上記の図を見てみるとわかるように、クロスゾーン負荷分散が無効の場合は各アベイラビリティーゾーンに50%ずつトラフィックを割り当てたとして、そのアベイラビリティーゾーン内でトラフィックが割り振られているので、ターゲット単位で見るとすべてのターゲットに対して等しくトラフィックは分散されていません。
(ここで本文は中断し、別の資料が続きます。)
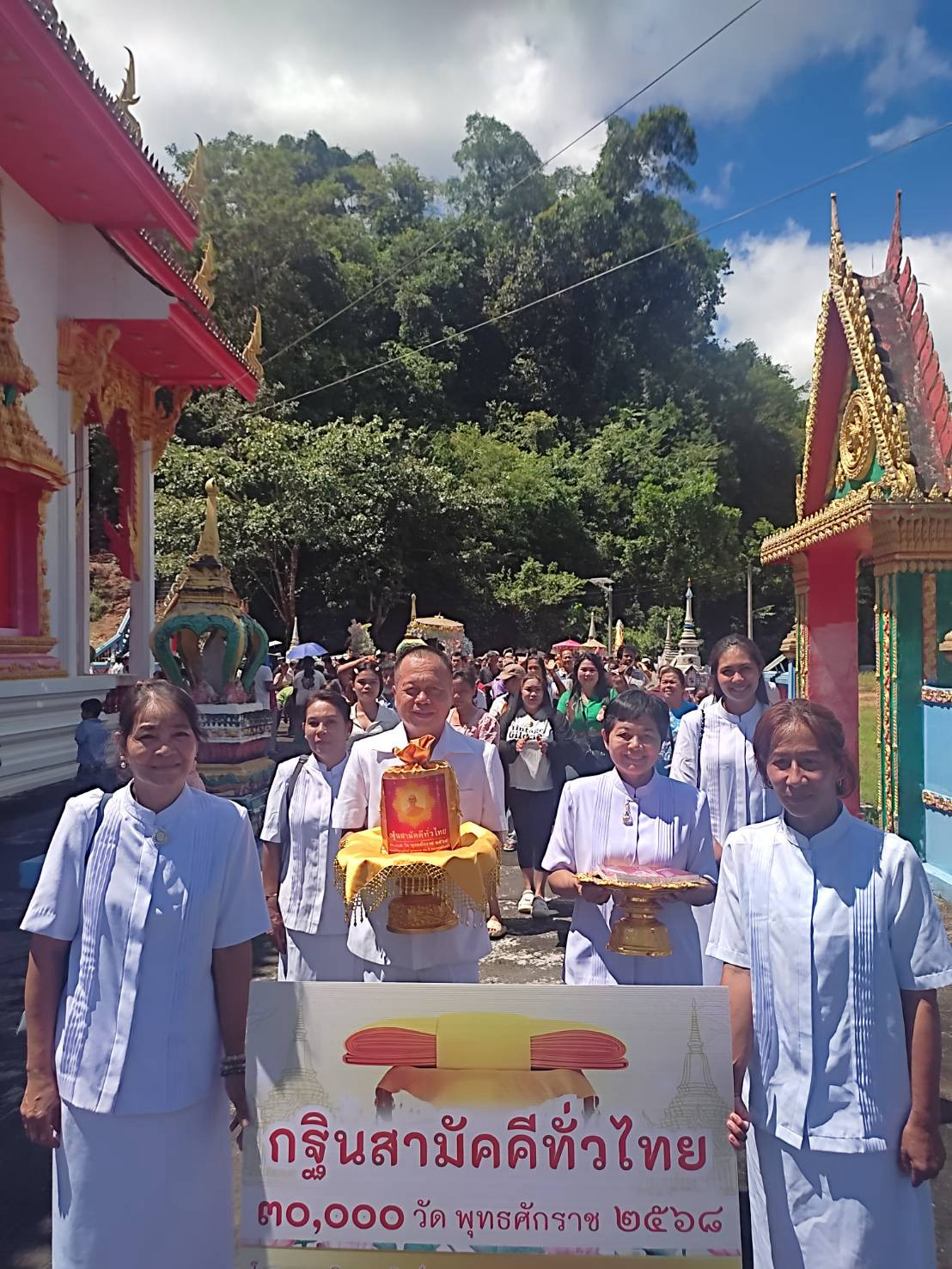 ภาพร่วมขบวนกฐินวัดบ่อชะอม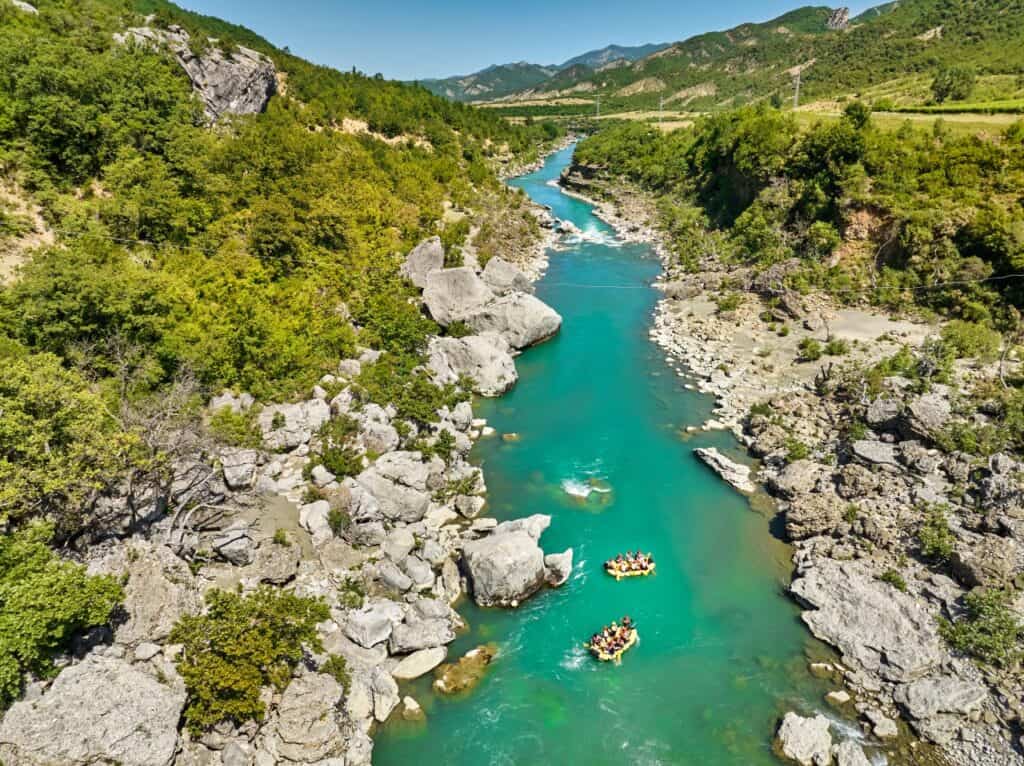 Mehrere Boote beim Rafting auf dem Vjosa River in Albanien.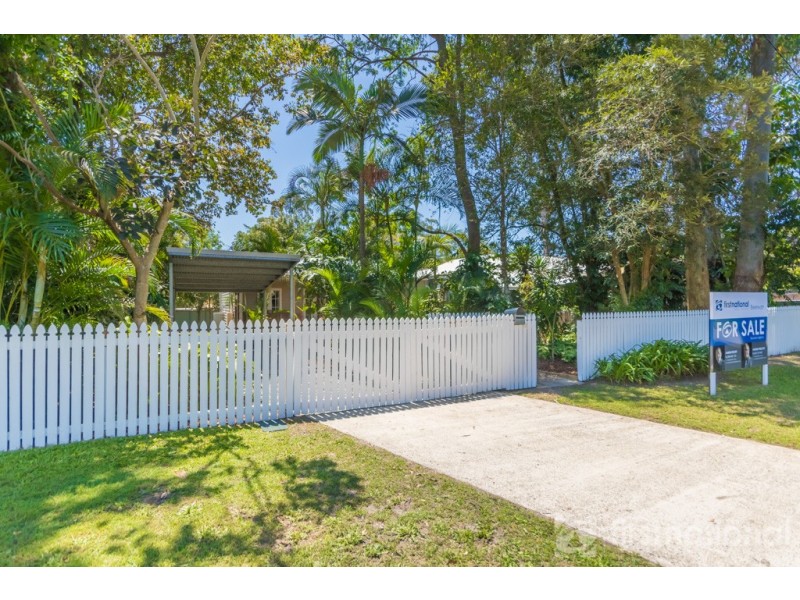 15 Montrose Street, Beerwah QLD 4519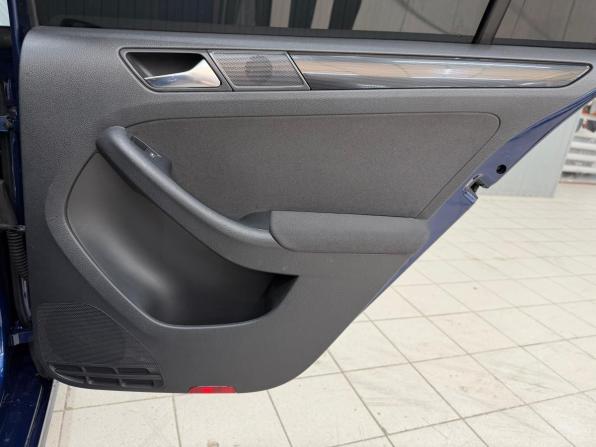 Volkswagen Jetta VI с пробегом 2011 года, цена 999 000 рублей, 157300 км, седан, Автокод Объявления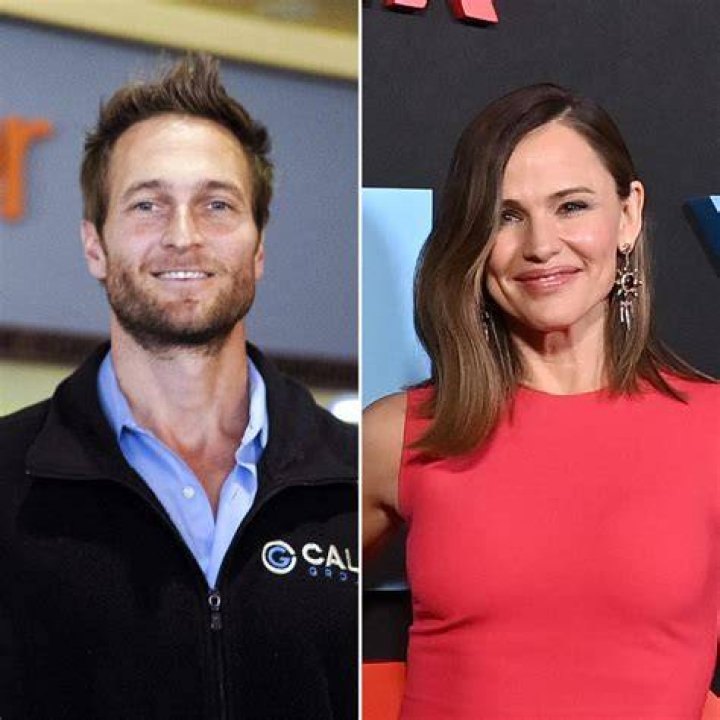Jennifer Garner and John Miller are ‘getting close’ with each other’s families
一方、クロスゾーン負荷分散が有効な場合は、アベイラビリティーゾーンにの枠に捕らわれずに各ターゲットに等しくトラフィックが分散されています。

 

もし片方のアベイラビリティーゾーン内のターゲットが全滅した場合にでも、クロスゾーン負荷分散が有効な場合はLBに来たアクセスはもう片方のアベイラビリティーゾーン内のターゲットに行くため、可用性が高いことがわかります。
 

 

まとめ

一般的な認識のALBとは若干違う部分がNLBには多く、クセがあるように感じました。

設定する際はこちらをよく確認しましょう。

 

 ・ElasticLoadBalancingV2 リソースタイプのリファレンス

https://docs.aws.amazon.com/ja_jp/AWSCloudFormation/latest/UserGuide/AWS_ElasticLoadBalancingV2.html

 

 

*1:IPアドレスが直接ドメインと結び付けられたレコードです。

*2:ここではドメイン名からIPアドレスを割り出すこと。

*3:IPアドレスを用いてターゲットを指定する場合はALBと同様に送信元のIPをロードバランサーのものに置き換えます。

*4:X-Forwarded-Forのこと。ロードバランサーを経由してサーバーに接続するなどの際に、送信元のクライアントIPアドレスを特定するHTTPヘッダー。

*5:セキュリティーグループ外から内への通信のこと。